Cidades
Greve de professores em BH continua e amplia pressão sobre prefeitura por negociação
Greve de professores da rede municipal de BH continua por tempo indeterminado após assembleia. Categoria cobra negociação e critica propostas da prefeitura
A greve dos professores da rede municipal de Belo Horizonte segue por tempo indeterminado após decisão tomada em assembleia realizada na Praça da Estação. A categoria optou por manter a paralisação e intensificar a mobilização, em meio a críticas à condução das negociações pela prefeitura e ao cenário enfrentado nas escolas.
Leia também:
- Rede municipal de BH terá greve de professores após aprovação em assembleia
- Greve na Fhemig provoca adiamento de cirurgias em hospitais de BH
- Professores da rede estadual de MG mantêm greve e cobram reajuste de 41%
De acordo com o Sindicato dos Trabalhadores em Educação da Rede Pública Municipal (Sind-REDE/BH), cerca de mil profissionais participaram da assembleia. A maioria votou pela continuidade do movimento, motivada, principalmente, pela ausência de avanços nas negociações e por demandas relacionadas às condições de trabalho.
Além disso, os trabalhadores apontam sobrecarga nas unidades de ensino e falta de profissionais de apoio como fatores que impactam diretamente a qualidade da educação. Nesse contexto, o movimento também ganhou força a partir da insatisfação com propostas discutidas pela administração municipal.
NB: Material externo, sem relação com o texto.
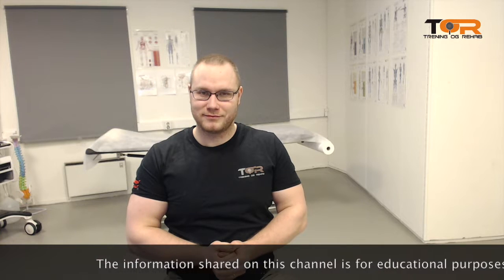How many sets and reps should you do when you are rehabilitating your painful muscles? This is a question I get all the time. Every single client has asked this. Unfortunately, it depends, but there are some principles that we can adhere to.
Críticas ao ensino integral e à gestão municipal
Entre os pontos mais questionados está a proposta de ampliação do ensino em tempo integral. Segundo o sindicato, há preocupação de que o modelo resulte em mudanças na atuação dos profissionais dentro das escolas.
Para a categoria, a medida pode representar precarização do ensino e afetar o desenvolvimento dos estudantes. Por outro lado, a prefeitura nega alterações que comprometam a atuação de professores e afirma que as atividades pedagógicas seguem sob responsabilidade de profissionais habilitados.
Ao mesmo tempo, declarações do prefeito sobre a greve também contribuíram para aumentar a tensão. O chefe do Executivo afirmou anteriormente não ver motivos para a paralisação e disse que os acordos firmados estão sendo cumpridos. Ainda assim, o sindicato avalia que as falas ampliaram a insatisfação entre os trabalhadores.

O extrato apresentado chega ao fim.